Remember your favorite teddy bear as a kid? Think of this as the adult version. I personally take a sarong to keep warm and a good pair of noise cancelling headphones for some music or a sleep meditation. 

Now’s the time to put that well-worn sweater, super-soft faded t-shirt, and a chill playlist to good use. Falling asleep when you’re in the midst of 200 people and 30,000 feet up in the air is all about making yourself feel as at home as possible.

3. Stock up on melatonin 

If you’re traveling alone, be very careful about using any sleep medicine unless you know how it affects you.

4. Adjust your sleep schedule 

Depending where you are flying to, try and adjust your sleeping pattern to your new time zone as soon as possible. 

During the flight

5. Set your watch to your new time zone 

As soon as you leave your starting city, act as if you’re already in the time zone of your destination. 

For instance, if you feel like you need a cup of coffee, only have it if you’d be drinking coffee at that time in your arrival city. If it’s 10 p.m., the answer is no — regardless of how you feel in your current time zone.

The sooner you can start acclimating to your new destination, the better off you’ll be once you actually arrive.

6. Power down

In general, light exposure is a bad idea if you’re trying to sleep, especially blue light from our devices.

Electronic screens are similar to sunlight. So, when you’re looking at that right before bed, you’re suppressing melatonin release.

To get solid shuteye on board, close the window shade and turn off the overhead lights. Dim as many blue light sources as possible, like smartphones, laptops, and the screen on the back of the seat in front of you.

7. Uncross your legs

When you cross your legs, you clamp down on one side, which could restrict blood flow. If your flight is more than four hours, this could increase your chances of a blood clot.

If you fall asleep with your legs crossed, you’ll likely wake up at some point and immediately cross your legs the other way because you’re subconsciously trying to even out that twist.

Here’s a better way to sit: keep your legs straight, with a slight bend to your knees. You want to avoid any blood pooling in the lower part of your body. 

8. Support your spine

Reclining your chair will help ease some of the pressure on your lower back. With less pressure on your back, you may be cozy enough to fall asleep.

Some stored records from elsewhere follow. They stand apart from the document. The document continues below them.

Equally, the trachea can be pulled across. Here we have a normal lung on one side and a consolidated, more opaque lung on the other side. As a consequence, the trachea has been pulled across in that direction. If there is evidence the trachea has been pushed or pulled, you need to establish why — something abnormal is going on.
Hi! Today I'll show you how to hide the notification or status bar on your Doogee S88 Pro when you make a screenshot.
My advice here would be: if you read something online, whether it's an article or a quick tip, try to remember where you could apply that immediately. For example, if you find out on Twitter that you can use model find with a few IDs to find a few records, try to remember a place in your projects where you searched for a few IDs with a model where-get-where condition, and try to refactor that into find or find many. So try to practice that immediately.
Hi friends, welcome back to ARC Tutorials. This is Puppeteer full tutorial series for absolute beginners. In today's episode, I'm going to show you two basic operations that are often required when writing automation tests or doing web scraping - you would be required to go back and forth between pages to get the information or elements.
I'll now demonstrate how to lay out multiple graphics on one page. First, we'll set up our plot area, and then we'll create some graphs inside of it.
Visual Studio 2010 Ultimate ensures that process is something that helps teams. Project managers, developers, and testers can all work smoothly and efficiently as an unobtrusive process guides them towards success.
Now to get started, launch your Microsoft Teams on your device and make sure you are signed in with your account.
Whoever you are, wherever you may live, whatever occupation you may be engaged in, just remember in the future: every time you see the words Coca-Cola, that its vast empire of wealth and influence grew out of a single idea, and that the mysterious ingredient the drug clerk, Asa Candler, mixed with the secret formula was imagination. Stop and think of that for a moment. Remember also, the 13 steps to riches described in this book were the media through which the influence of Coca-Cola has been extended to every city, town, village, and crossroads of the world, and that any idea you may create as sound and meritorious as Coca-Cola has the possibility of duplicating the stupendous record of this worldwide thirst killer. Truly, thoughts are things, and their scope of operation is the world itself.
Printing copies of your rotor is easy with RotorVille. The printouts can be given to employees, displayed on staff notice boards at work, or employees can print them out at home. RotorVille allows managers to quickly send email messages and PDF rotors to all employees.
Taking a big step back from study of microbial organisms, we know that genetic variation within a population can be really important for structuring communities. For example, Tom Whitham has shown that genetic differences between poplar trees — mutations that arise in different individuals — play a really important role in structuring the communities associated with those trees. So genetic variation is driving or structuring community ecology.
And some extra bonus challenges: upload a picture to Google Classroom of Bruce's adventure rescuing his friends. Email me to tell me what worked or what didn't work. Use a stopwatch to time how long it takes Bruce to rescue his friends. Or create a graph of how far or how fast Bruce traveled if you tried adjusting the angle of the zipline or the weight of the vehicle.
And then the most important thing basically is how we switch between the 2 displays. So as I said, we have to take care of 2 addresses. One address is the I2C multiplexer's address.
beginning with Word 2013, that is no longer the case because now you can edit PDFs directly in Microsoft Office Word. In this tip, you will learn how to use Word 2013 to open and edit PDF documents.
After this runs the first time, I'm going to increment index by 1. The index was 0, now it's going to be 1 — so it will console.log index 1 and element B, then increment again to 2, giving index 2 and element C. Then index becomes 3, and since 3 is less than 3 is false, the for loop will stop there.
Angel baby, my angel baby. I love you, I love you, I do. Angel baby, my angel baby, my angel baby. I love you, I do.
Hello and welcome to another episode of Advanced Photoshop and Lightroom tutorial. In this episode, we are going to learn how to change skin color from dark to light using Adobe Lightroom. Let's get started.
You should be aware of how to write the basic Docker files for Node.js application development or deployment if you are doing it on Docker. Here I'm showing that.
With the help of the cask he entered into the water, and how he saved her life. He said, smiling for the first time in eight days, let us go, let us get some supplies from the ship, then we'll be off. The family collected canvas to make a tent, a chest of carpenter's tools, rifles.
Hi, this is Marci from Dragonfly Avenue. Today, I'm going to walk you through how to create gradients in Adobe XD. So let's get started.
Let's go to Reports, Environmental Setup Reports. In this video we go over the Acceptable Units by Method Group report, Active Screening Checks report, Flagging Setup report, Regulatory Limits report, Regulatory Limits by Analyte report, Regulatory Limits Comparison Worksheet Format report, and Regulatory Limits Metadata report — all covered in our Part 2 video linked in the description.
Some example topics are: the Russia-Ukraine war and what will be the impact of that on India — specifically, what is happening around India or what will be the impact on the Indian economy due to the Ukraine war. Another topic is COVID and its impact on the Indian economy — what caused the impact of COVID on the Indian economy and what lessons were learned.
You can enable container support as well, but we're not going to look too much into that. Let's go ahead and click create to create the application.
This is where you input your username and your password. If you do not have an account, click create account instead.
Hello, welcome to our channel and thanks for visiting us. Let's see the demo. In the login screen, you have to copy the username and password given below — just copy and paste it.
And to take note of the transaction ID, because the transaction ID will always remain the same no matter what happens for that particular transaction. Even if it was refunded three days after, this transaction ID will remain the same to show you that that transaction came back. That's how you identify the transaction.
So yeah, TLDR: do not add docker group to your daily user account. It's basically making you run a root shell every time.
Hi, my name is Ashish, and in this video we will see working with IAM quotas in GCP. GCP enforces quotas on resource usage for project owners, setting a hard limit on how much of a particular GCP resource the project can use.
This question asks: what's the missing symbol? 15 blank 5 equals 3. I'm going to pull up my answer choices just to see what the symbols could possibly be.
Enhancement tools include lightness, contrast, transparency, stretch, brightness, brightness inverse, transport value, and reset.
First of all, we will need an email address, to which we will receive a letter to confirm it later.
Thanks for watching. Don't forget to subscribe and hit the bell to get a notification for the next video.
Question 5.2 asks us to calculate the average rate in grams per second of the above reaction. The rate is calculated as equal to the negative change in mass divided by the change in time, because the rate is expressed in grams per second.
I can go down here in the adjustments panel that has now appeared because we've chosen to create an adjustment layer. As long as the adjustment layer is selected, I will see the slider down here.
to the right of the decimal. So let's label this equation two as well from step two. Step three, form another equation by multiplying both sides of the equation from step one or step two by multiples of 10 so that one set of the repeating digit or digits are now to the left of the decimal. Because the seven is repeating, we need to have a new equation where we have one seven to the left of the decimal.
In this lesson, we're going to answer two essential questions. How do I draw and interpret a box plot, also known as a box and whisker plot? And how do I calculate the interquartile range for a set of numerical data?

The second-best position is sitting up straight. But if your abdominal muscles aren’t strong, you won’t have any lumbar support, which can lead to lower back pain. 

The fix: a back pillow, which helps to keep that curve in your low back. You can use a travel pillow or even a rolled-up jacket.  

9. Skip alcohol

Though it might be tempting — you’re on vacation, right? — booze won’t help you sleep soundly. Alcohol will initially promote sleep, but it’s usually only in effect for three to four hours, and then you can’t get back to sleep.

On top of that, you might wake with a headache and feel thirsty. That could lead to overcompensating with water, and we all know that frequent bathroom trips won’t make it easy to fall asleep, not to mention it’ll piss off the people trying to sleep next to you. Awkward…

10. Listen to a guided meditation 

Meditation music can be an effective way to get better sleep. And, if you didn’t sleep well the night before, meditation can help you feel less crappy. 

Once you’ve landed

11. Stay up

Even though it sucks, it’s best to stay awake as long as you can before your usual bedtime. If you sleep all day, then you’re going to be up all night, prolonging the same issue.

If you nap, keep it short — 15 to 30 minutes, max. And accept that it may take a few days to feel completely back to normal.

If the first day or two you’re groggy, hungry at odd times, it’s just part of your body adjusting. Give it time, and soon you’ll be back to enjoying your getaway.